Everything from the line containing "Product of Hella 358176201 Light Bar" through the line containing "International Conference on" in the listing below should be copied exactly, and nothing more.
Available data section start
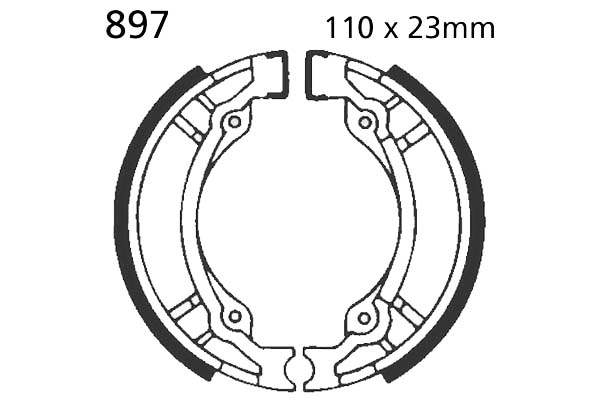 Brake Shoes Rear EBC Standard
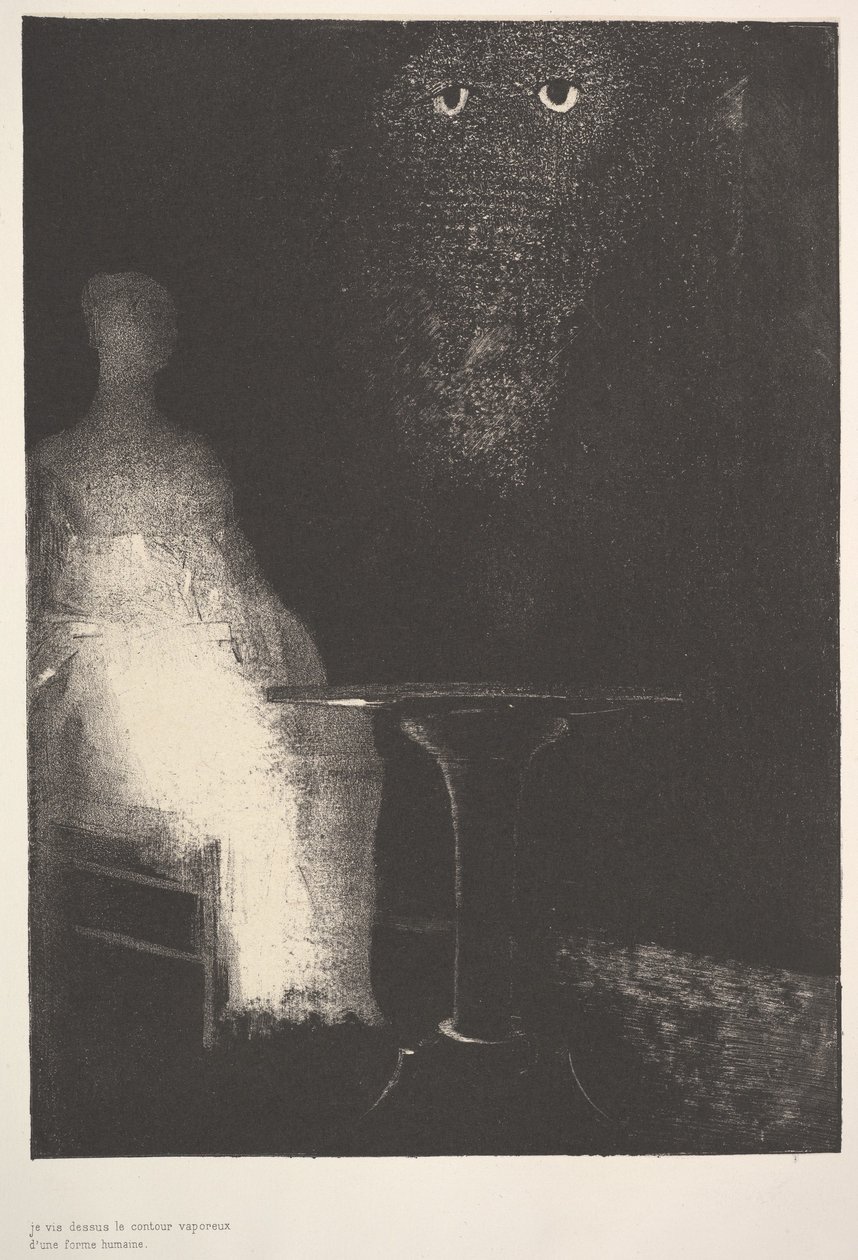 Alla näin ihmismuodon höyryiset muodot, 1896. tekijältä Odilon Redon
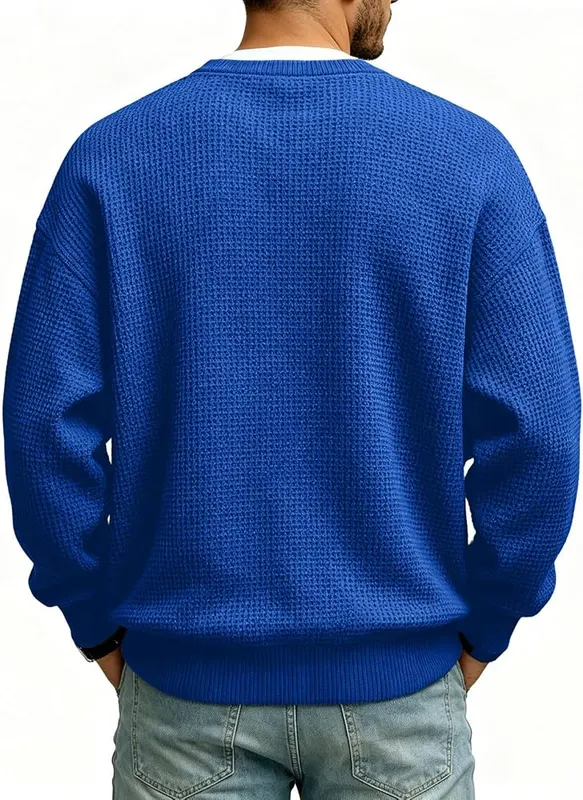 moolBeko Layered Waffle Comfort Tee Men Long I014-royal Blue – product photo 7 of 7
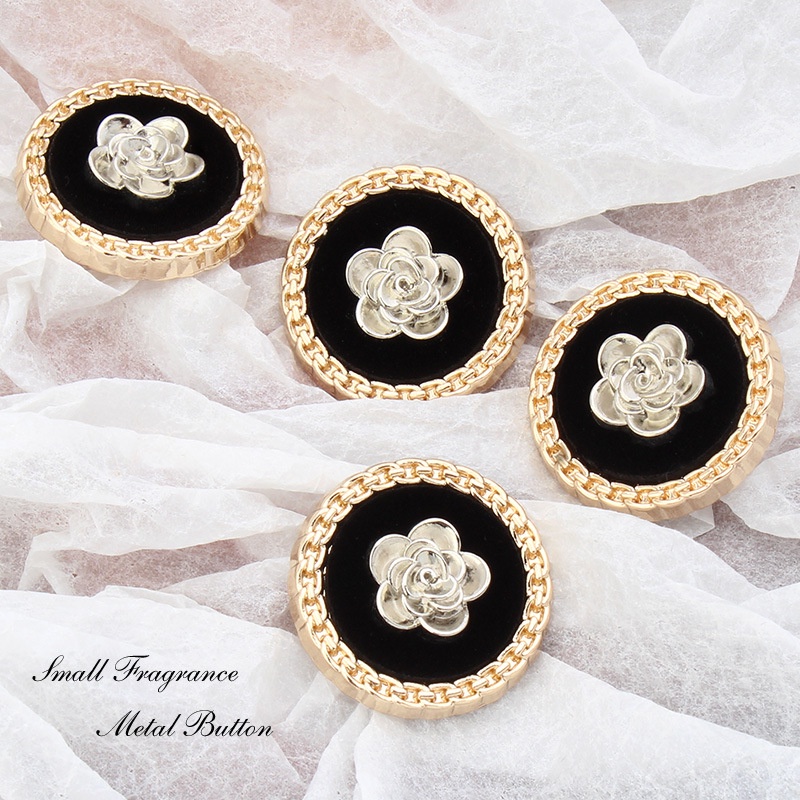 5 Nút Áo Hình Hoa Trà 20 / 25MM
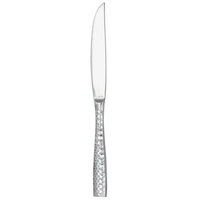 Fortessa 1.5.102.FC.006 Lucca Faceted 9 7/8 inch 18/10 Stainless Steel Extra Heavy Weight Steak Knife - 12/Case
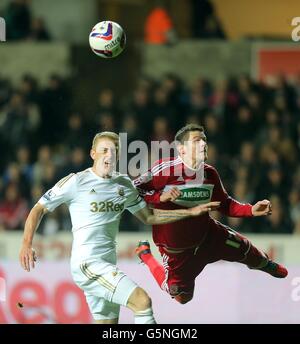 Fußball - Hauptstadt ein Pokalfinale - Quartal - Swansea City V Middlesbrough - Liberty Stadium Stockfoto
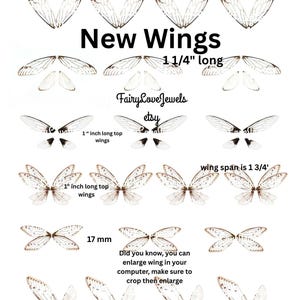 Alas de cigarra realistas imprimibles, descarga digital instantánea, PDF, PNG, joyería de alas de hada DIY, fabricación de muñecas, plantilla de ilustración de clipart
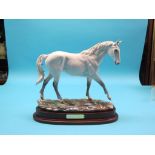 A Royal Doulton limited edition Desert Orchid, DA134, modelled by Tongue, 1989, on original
Available data section end
Available data section start
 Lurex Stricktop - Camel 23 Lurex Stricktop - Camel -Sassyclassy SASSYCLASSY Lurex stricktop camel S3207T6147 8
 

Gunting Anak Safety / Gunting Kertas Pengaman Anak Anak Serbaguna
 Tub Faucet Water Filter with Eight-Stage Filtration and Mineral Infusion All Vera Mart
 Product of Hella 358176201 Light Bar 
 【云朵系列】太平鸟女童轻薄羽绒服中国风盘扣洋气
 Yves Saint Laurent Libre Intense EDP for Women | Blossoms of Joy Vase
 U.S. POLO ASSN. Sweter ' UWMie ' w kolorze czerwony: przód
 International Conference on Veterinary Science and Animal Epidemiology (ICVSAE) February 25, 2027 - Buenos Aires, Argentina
Available data section end
## Written reply:
 Product of Hella 358176201 Light Bar 
 【云朵系列】太平鸟女童轻薄羽绒服中国风盘扣洋气
 Yves Saint Laurent Libre Intense EDP for Women | Blossoms of Joy Vase
 U.S. POLO ASSN. Sweter ' UWMie ' w kolorze czerwony: przód
 International Conference on Veterinary Science and Animal Epidemiology (ICVSAE) February 25, 2027 - Buenos Aires, Argentina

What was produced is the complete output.